Could you restate the data below word for word, without its pictures?

# Supplied material
▼

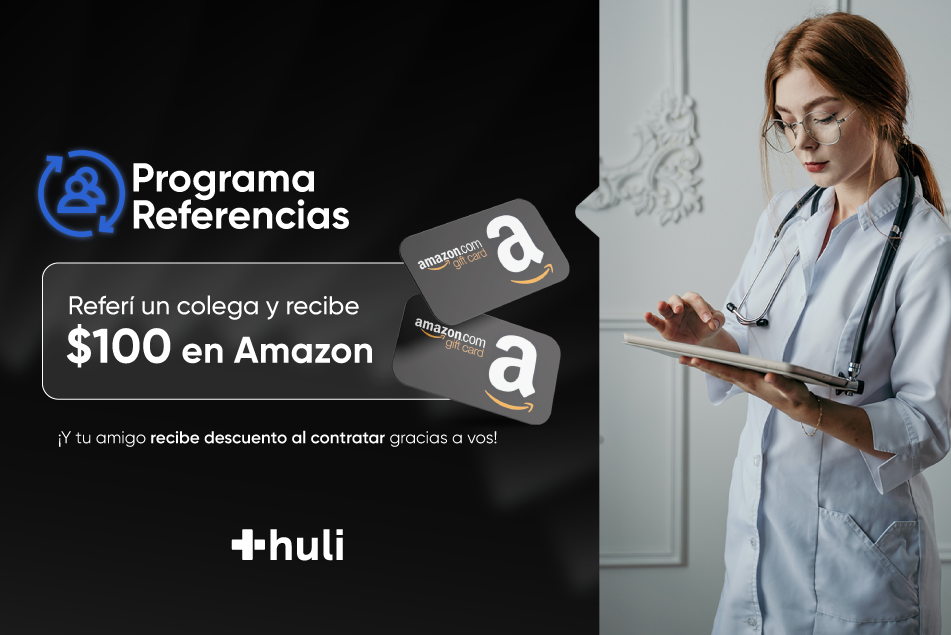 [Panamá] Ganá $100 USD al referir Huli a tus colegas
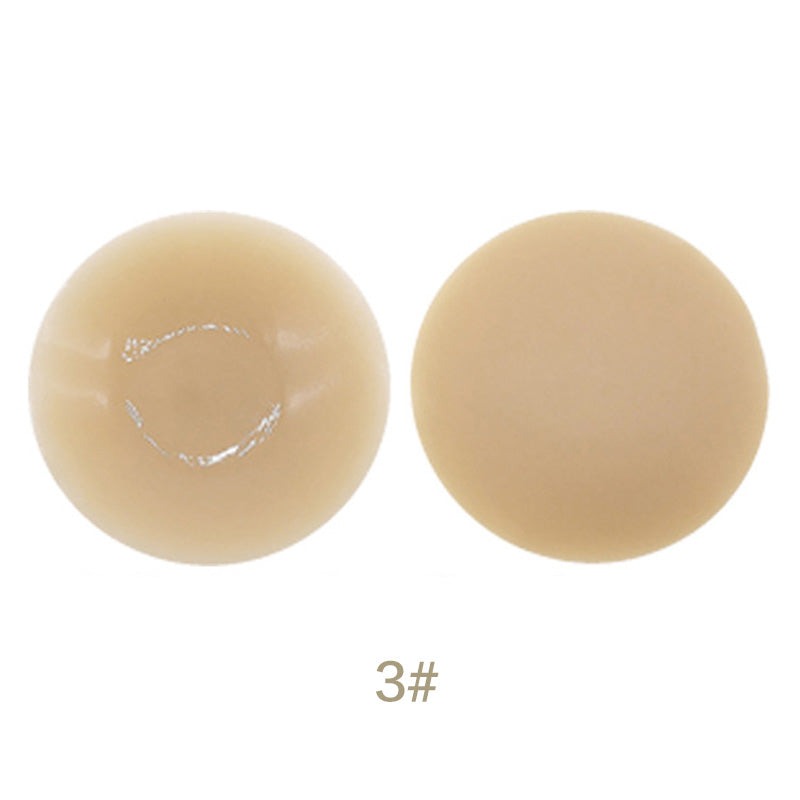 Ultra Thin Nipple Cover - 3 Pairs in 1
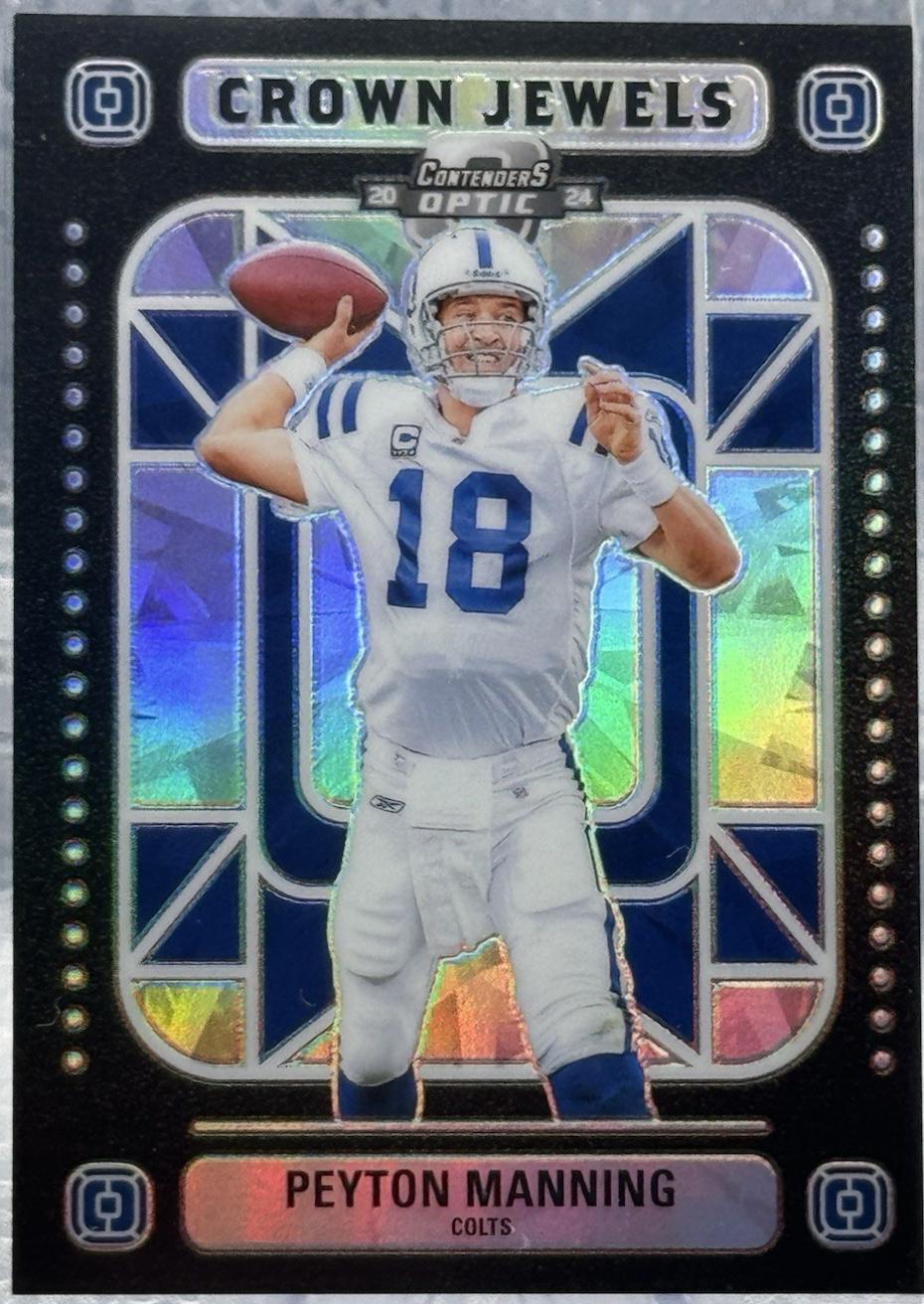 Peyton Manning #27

▲

# Answer space
 [Panamá] Ganá $100 USD al referir Huli a tus colegas
 Ultra Thin Nipple Cover - 3 Pairs in 1
 Peyton Manning #27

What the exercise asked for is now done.